*** Opening of Data excerpts ***

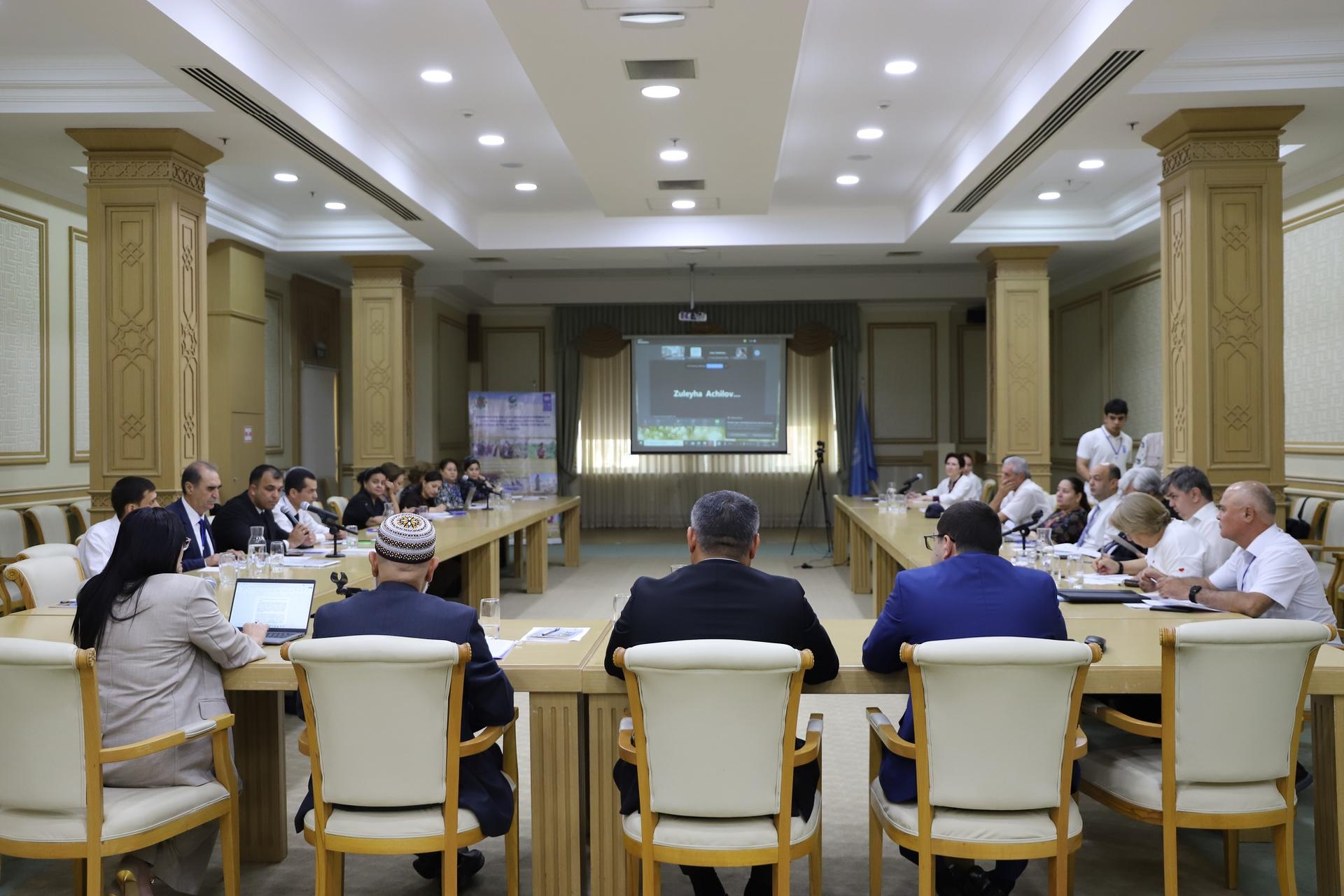 Conference room with seated participants facing a presentation screen.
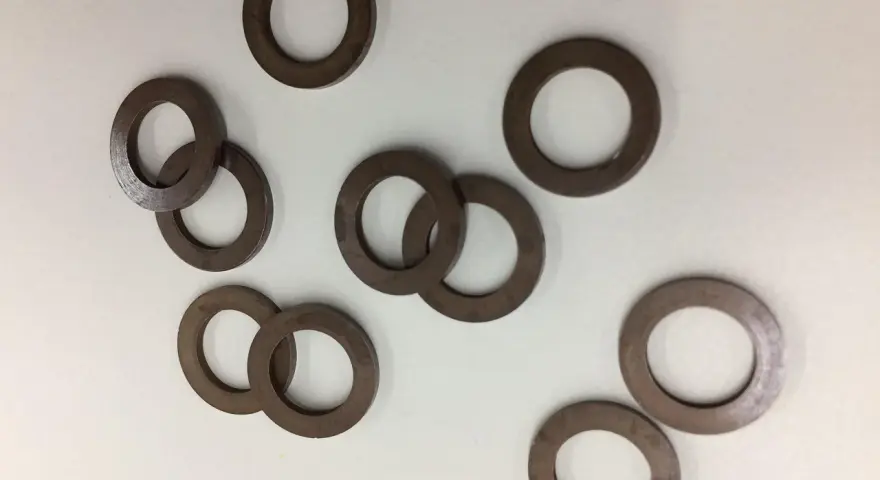 Un gruppo di rondelle alzaporta marroni, usate per regolare l'altezza delle porte.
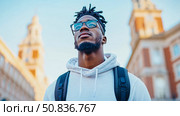 Portrait of a Man with dreadlocks and glasses looking up at the building. Стоковое AI-изображение, AI-художник Данила Большаков / Фотобанк Лори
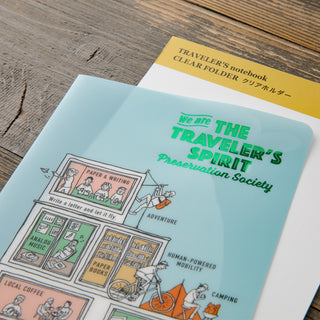 File folder with illustrated covers on a wooden surface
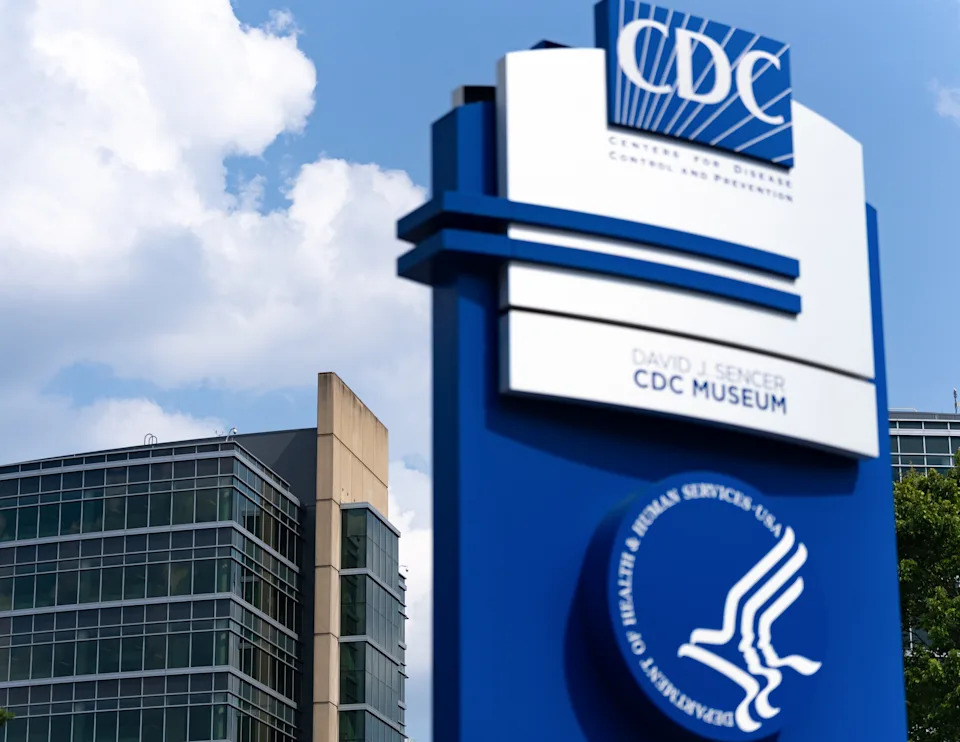 Sign for the CDC's David J. Sencer Museum with modern buildings in the background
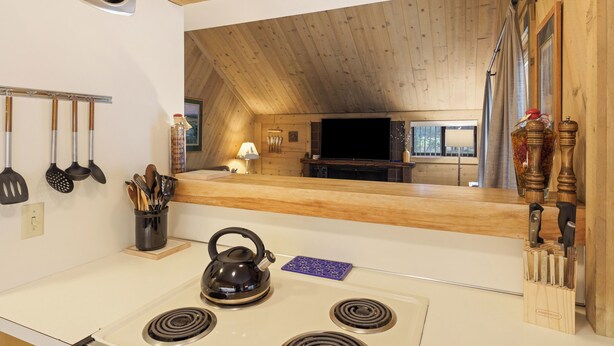 A kitchen with a stove, kettle, and knife block.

*** Close of Data excerpts ***

What is being asked |
Every line from the one containing "File folder with" through the last line of the listing must be written out again exactly, and no other line. Leave the pictures aside.

Solution |
 File folder with illustrated covers on a wooden surface
 Sign for the CDC's David J. Sencer Museum with modern buildings in the background
 A kitchen with a stove, kettle, and knife block.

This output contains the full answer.